В 1946 рынок труда покинули три миллиона женщин. Наверняка девушки помоложе хотели замуж и рожать. Но большая часть работавших в войну женщин была средних лет, дети у них были уже большие, во всяком случае не такие маленькие что их нельзя было одних оставить. Эти женщины либо добавляли свою зарплату к зарплате мужа, либо содержали себя (плюс детей и стариков). Опросы показывают что 70% работавших на военную промышленность женщин хотели остаться на своих местах, но лишь немногие имели хоть какой-то выбор. «Все кончилось в одночасье» — вспоминала мать-одиночка Мэри Стамф, работавшая на авиационном заводе.
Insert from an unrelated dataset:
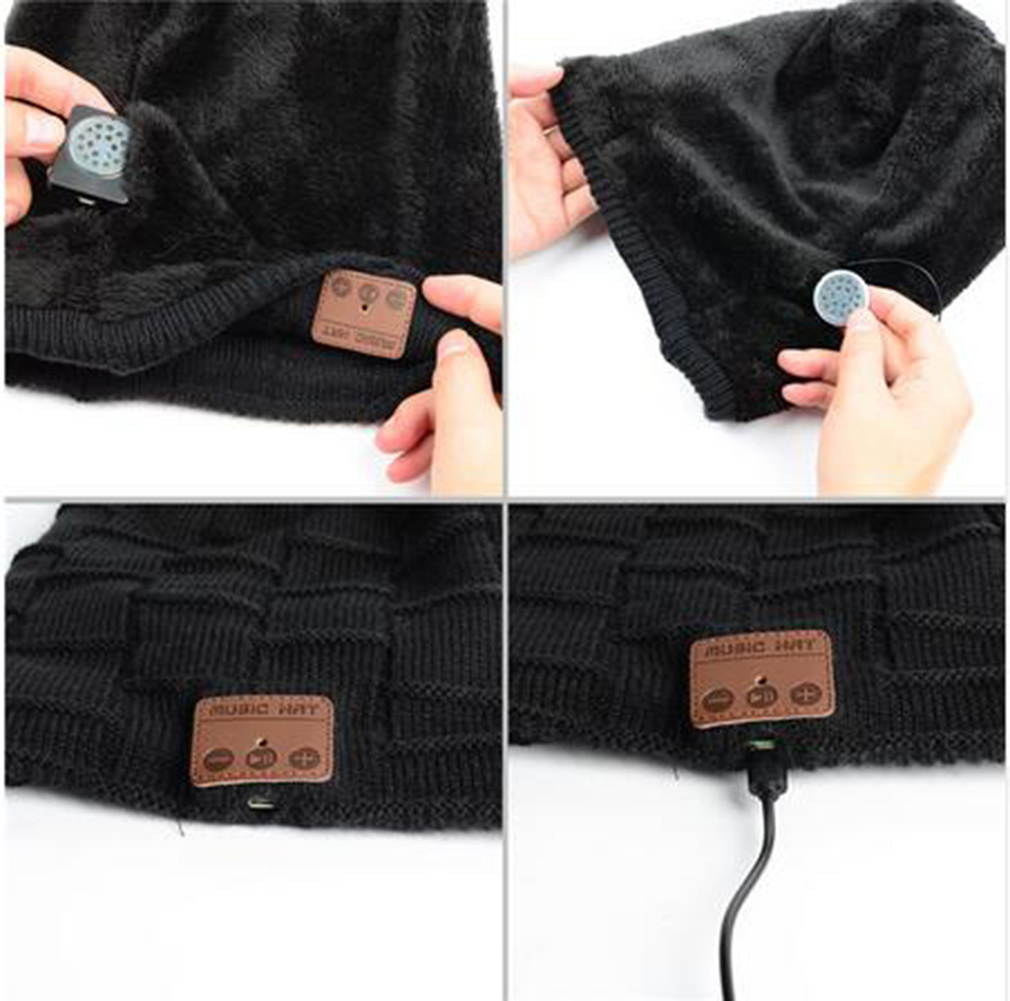 Unisex Winter Outdoor Sport Wireless Bluetooth Earphone Knit Hat Stereo Magic Music Headband Cap Headphone for iPhone SmartPhone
Она поехала с дочкой в отпуск в Нью-Мексико, а по возращении нашла телеграмму о том что ее рабочее место ликвидировано. Вот и всё. Из воспоминаний Вильяма Малкейхи, работавшего старшим мастером на заводе в Кэмдене (Нью-Джерси): «На следующий день после окончания войны очередь из женщин выстроилась к окошку проходной, где им выдавали последнюю ведомость по которой они могли получить зарплату. Их даже не пустили внутрь завода, тех женщин бок о бок с которыми я проработал несколько лет и которых столько раз благодарило флотское начальство.» Из письма Отилии Гаттус президенту Трумэну: «Я вдова и содержу свою мать и своего сына. Я квалифицированный токарь, но у меня забрали рабочее место только потому что я женщина».
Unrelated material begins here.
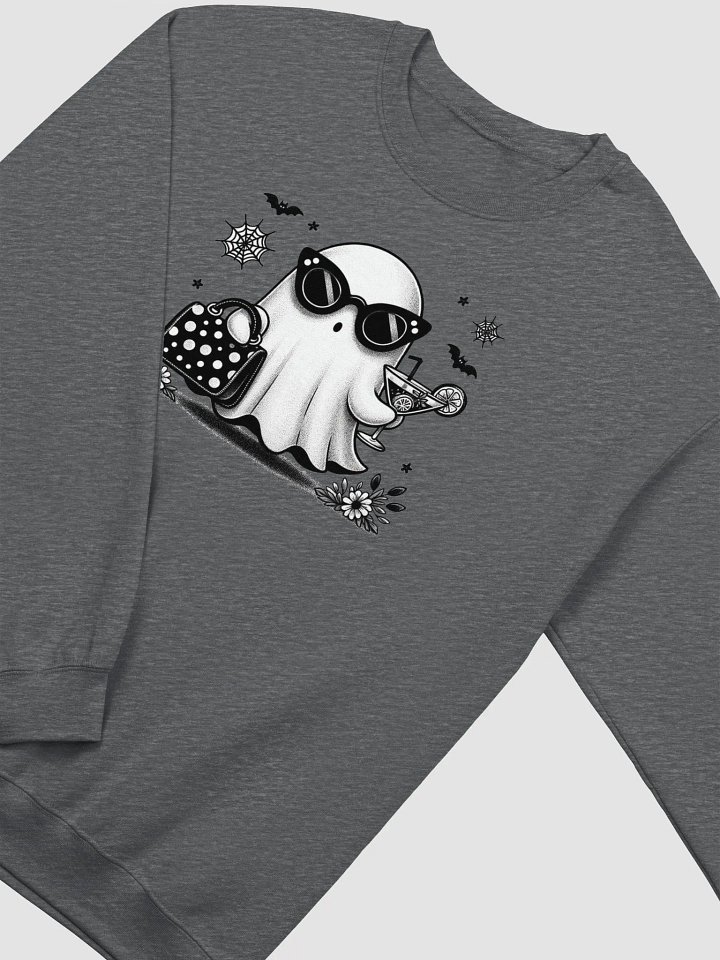 Halloween Ghost With Drink and Purse Long Sleeve Unisex Sweatshirt product image (16)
Для большинства работавших в войну женщин работа не стала карьерой, но очень сильно раздвинула их горизонты, сделала их другими людьми. Пегги Терри из Кентукки вспоминает что до того как она пришла на завод, она была настолько ограничена и провинциальна что даже не понимала что это такое – Европа, Гитлер, мировая война. Кроме Кентукки, ей пришлось поработать еще в Мичигане, где на заводе было полно иммигрантов из Польши. Много лет спустя она рассказывала журналисту: «Это были первые на моем веку люди которые от меня чем-то отличались. Мне открылся целый мир о котором я ничего не знала. Именно с войны я начала видеть вещи в совершенно новом свете». После войны американское общество хотело видеть себя более толерантным и открытым и во многом так оно и было. Голливуд поставил стопятьсот военных драм и комедий, где в роте или взводе непременно вместе служили англо-сакс, ирландец, еврей и итальянец. Такой Америка хотела себя видеть. Конечно это была только половина картины – чернокожих, латинос и азиатов по прежнему не допускали к пирогу на равных. (Кстати в 1951 поставили фильм про 442-ой пехотный батальон, большей частью состоявший из интернированных японцев, чьи жены и родители сидели по лагерям. Называется он «Идем ва-банк» — это был девиз батальона. 442-ой пехотный батальон – рекордсмен по числу боевых наград и «пурпурных сердец» за ранения. В фильме конечно рассказывается о боевом пути батальона, но основной сюжет вертится вокруг назначенного туда белого командира и его культурного шока. Например полковник говорит этому самому командиру: «Вашим заместителем будет лейтенант Охара.» Тот радуется, решив что это ирландец, О’Хара, но полковник веско поправляет – «лейтенант Кендзиро Охара».) Несмотря на всеобщее желание вернуться к «нормальной» жизни, общество реально изменилось. Был сломан порядок при котором женщины работали только до замужества и больше никогда. И женщины, которые вернулись по домам чтобы никогда больше не выходить на рынок труда, вернулись туда другими людьми чем были до войны.